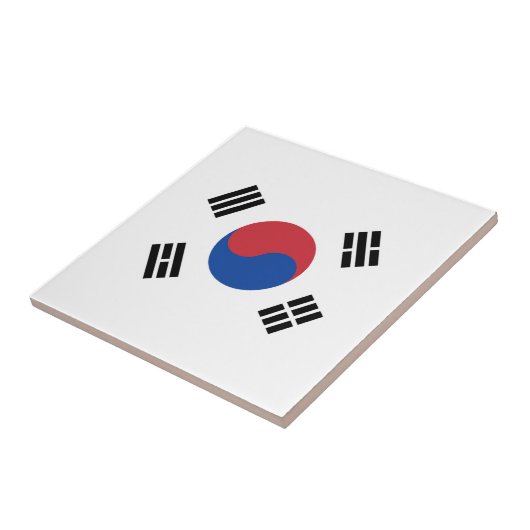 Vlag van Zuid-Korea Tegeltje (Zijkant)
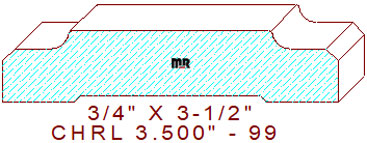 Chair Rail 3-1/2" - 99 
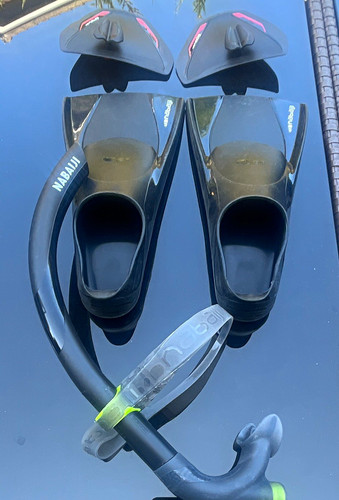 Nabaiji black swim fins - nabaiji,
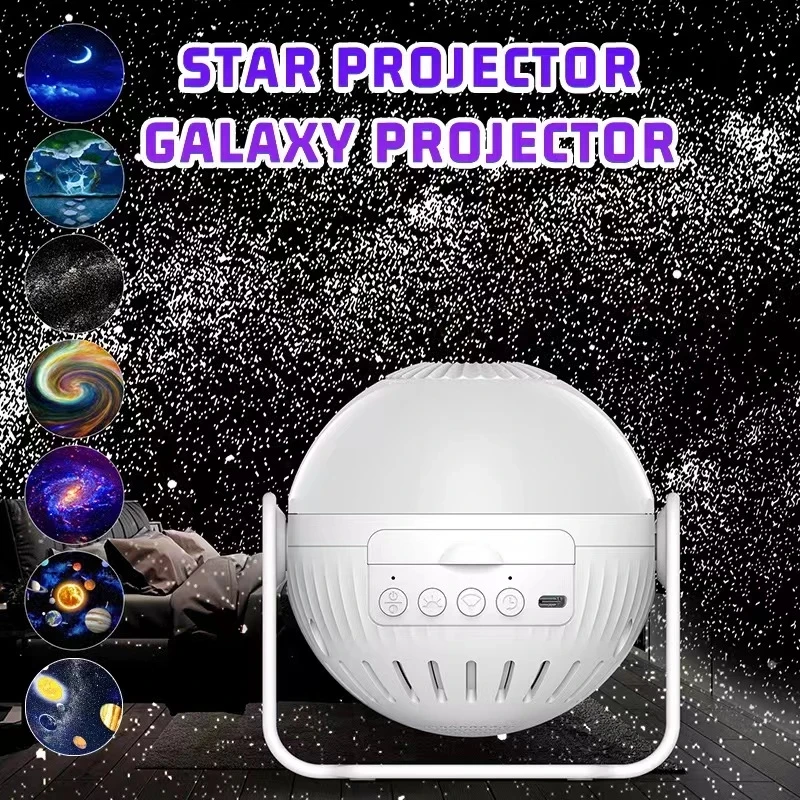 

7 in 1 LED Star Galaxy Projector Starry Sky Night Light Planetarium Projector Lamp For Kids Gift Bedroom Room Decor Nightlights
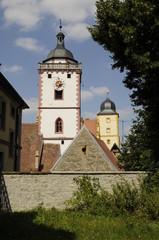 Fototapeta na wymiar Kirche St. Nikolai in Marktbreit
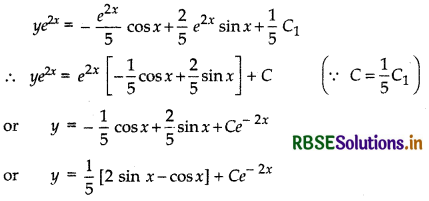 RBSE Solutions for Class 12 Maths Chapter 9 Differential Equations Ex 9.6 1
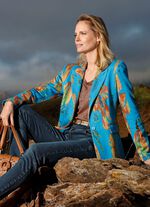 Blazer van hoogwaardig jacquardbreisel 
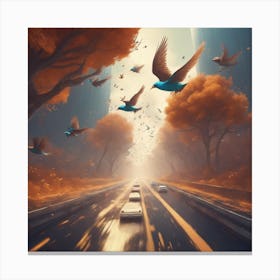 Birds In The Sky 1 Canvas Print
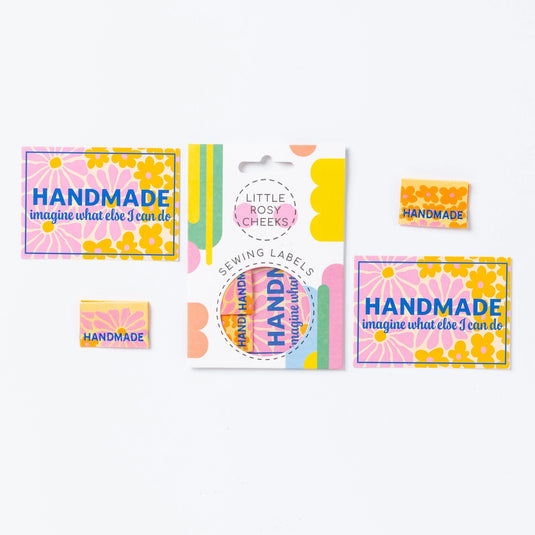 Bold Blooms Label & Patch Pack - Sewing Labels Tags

-- -- --

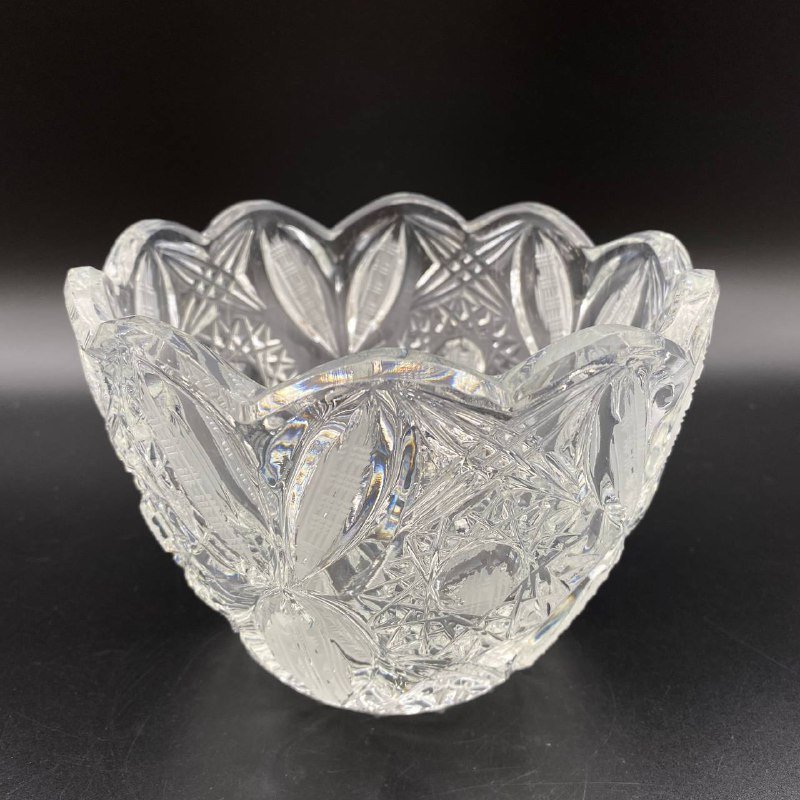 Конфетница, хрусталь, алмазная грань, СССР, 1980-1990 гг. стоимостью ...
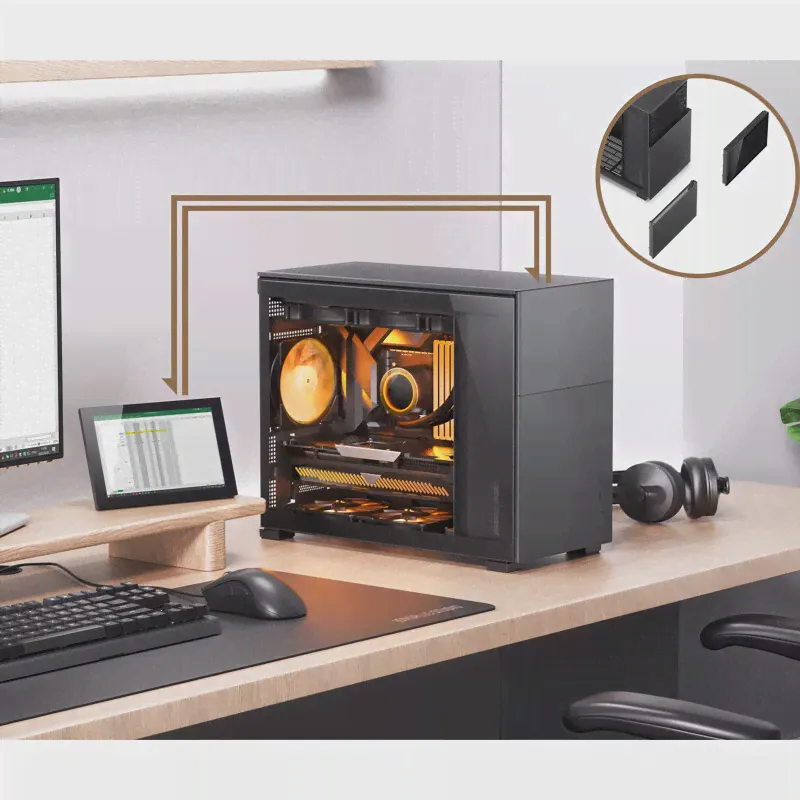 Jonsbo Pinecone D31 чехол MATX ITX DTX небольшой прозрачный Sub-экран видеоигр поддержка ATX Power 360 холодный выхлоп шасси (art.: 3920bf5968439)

-- -- --

Would you transcribe the lines above exactly, going from the line bearing "RBSE Solutions for" through the line bearing "Bold Blooms Label", and drop the pictures from the copy?

Answer space:
 RBSE Solutions for Class 12 Maths Chapter 9 Differential Equations Ex 9.6 1
 Blazer van hoogwaardig jacquardbreisel 
 Birds In The Sky 1 Canvas Print
 Bold Blooms Label & Patch Pack - Sewing Labels Tags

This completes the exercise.